▶ EXERCISE OBJECTIVE
Copy the records below character for character.
──────── MATERIAL FOR THIS EXERCISE ────────
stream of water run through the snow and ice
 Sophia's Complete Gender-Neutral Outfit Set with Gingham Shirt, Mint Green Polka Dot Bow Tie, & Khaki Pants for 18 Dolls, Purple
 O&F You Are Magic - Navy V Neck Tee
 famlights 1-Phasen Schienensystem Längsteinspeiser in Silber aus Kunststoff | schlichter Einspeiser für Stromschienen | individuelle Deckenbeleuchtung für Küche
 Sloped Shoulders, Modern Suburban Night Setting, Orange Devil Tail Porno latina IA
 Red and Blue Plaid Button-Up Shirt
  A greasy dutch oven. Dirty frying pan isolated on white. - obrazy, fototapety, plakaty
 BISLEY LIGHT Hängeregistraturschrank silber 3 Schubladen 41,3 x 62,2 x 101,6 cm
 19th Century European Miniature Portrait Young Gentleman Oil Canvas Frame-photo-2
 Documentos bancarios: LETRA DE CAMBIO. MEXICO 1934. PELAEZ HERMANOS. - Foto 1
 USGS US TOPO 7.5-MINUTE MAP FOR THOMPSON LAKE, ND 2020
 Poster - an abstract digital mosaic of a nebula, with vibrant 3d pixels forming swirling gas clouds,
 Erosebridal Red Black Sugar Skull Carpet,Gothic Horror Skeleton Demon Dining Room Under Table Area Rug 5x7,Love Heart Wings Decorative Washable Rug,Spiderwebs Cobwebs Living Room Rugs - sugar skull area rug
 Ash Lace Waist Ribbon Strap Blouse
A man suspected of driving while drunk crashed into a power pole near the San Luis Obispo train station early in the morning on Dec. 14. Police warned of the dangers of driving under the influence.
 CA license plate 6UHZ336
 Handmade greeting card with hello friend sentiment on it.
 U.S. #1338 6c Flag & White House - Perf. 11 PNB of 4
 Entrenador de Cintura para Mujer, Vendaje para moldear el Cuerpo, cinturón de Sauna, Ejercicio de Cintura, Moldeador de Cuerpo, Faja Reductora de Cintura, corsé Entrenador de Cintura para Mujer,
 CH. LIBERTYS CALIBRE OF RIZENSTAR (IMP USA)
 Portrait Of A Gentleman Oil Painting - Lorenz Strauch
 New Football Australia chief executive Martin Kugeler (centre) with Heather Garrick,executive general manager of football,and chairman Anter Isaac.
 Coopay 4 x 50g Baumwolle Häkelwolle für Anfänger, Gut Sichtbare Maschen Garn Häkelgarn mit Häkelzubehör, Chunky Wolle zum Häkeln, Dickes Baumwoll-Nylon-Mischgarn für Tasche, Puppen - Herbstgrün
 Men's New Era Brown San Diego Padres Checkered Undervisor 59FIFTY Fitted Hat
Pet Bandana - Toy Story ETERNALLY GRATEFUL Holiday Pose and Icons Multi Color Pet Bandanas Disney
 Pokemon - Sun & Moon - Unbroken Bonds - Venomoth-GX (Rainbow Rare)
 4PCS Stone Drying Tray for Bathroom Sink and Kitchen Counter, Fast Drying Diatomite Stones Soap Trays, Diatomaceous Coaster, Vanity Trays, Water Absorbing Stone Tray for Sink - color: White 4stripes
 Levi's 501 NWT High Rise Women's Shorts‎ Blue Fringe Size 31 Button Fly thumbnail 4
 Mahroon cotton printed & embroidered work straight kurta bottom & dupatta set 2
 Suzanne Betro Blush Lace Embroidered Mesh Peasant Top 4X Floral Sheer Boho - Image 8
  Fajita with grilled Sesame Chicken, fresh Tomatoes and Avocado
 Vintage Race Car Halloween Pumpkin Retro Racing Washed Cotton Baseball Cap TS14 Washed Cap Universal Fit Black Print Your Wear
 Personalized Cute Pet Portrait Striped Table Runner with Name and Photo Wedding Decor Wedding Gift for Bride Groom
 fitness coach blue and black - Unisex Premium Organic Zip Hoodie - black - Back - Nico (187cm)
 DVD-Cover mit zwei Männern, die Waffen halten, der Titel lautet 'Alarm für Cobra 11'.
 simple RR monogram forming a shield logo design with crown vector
────────
▶ ANSWER TO THE EXERCISE
stream of water run through the snow and ice
 Sophia's Complete Gender-Neutral Outfit Set with Gingham Shirt, Mint Green Polka Dot Bow Tie, & Khaki Pants for 18 Dolls, Purple
 O&F You Are Magic - Navy V Neck Tee
 famlights 1-Phasen Schienensystem Längsteinspeiser in Silber aus Kunststoff | schlichter Einspeiser für Stromschienen | individuelle Deckenbeleuchtung für Küche
 Sloped Shoulders, Modern Suburban Night Setting, Orange Devil Tail Porno latina IA
 Red and Blue Plaid Button-Up Shirt
  A greasy dutch oven. Dirty frying pan isolated on white. - obrazy, fototapety, plakaty
 BISLEY LIGHT Hängeregistraturschrank silber 3 Schubladen 41,3 x 62,2 x 101,6 cm
 19th Century European Miniature Portrait Young Gentleman Oil Canvas Frame-photo-2
 Documentos bancarios: LETRA DE CAMBIO. MEXICO 1934. PELAEZ HERMANOS. - Foto 1
 USGS US TOPO 7.5-MINUTE MAP FOR THOMPSON LAKE, ND 2020
 Poster - an abstract digital mosaic of a nebula, with vibrant 3d pixels forming swirling gas clouds,
 Erosebridal Red Black Sugar Skull Carpet,Gothic Horror Skeleton Demon Dining Room Under Table Area Rug 5x7,Love Heart Wings Decorative Washable Rug,Spiderwebs Cobwebs Living Room Rugs - sugar skull area rug
 Ash Lace Waist Ribbon Strap Blouse
A man suspected of driving while drunk crashed into a power pole near the San Luis Obispo train station early in the morning on Dec. 14. Police warned of the dangers of driving under the influence.
 CA license plate 6UHZ336
 Handmade greeting card with hello friend sentiment on it.
 U.S. #1338 6c Flag & White House - Perf. 11 PNB of 4
 Entrenador de Cintura para Mujer, Vendaje para moldear el Cuerpo, cinturón de Sauna, Ejercicio de Cintura, Moldeador de Cuerpo, Faja Reductora de Cintura, corsé Entrenador de Cintura para Mujer,
 CH. LIBERTYS CALIBRE OF RIZENSTAR (IMP USA)
 Portrait Of A Gentleman Oil Painting - Lorenz Strauch
 New Football Australia chief executive Martin Kugeler (centre) with Heather Garrick,executive general manager of football,and chairman Anter Isaac.
 Coopay 4 x 50g Baumwolle Häkelwolle für Anfänger, Gut Sichtbare Maschen Garn Häkelgarn mit Häkelzubehör, Chunky Wolle zum Häkeln, Dickes Baumwoll-Nylon-Mischgarn für Tasche, Puppen - Herbstgrün
 Men's New Era Brown San Diego Padres Checkered Undervisor 59FIFTY Fitted Hat
Pet Bandana - Toy Story ETERNALLY GRATEFUL Holiday Pose and Icons Multi Color Pet Bandanas Disney
 Pokemon - Sun & Moon - Unbroken Bonds - Venomoth-GX (Rainbow Rare)
 4PCS Stone Drying Tray for Bathroom Sink and Kitchen Counter, Fast Drying Diatomite Stones Soap Trays, Diatomaceous Coaster, Vanity Trays, Water Absorbing Stone Tray for Sink - color: White 4stripes
 Levi's 501 NWT High Rise Women's Shorts‎ Blue Fringe Size 31 Button Fly thumbnail 4
 Mahroon cotton printed & embroidered work straight kurta bottom & dupatta set 2
 Suzanne Betro Blush Lace Embroidered Mesh Peasant Top 4X Floral Sheer Boho - Image 8
  Fajita with grilled Sesame Chicken, fresh Tomatoes and Avocado
 Vintage Race Car Halloween Pumpkin Retro Racing Washed Cotton Baseball Cap TS14 Washed Cap Universal Fit Black Print Your Wear
 Personalized Cute Pet Portrait Striped Table Runner with Name and Photo Wedding Decor Wedding Gift for Bride Groom
 fitness coach blue and black - Unisex Premium Organic Zip Hoodie - black - Back - Nico (187cm)
 DVD-Cover mit zwei Männern, die Waffen halten, der Titel lautet 'Alarm für Cobra 11'.
 simple RR monogram forming a shield logo design with crown vector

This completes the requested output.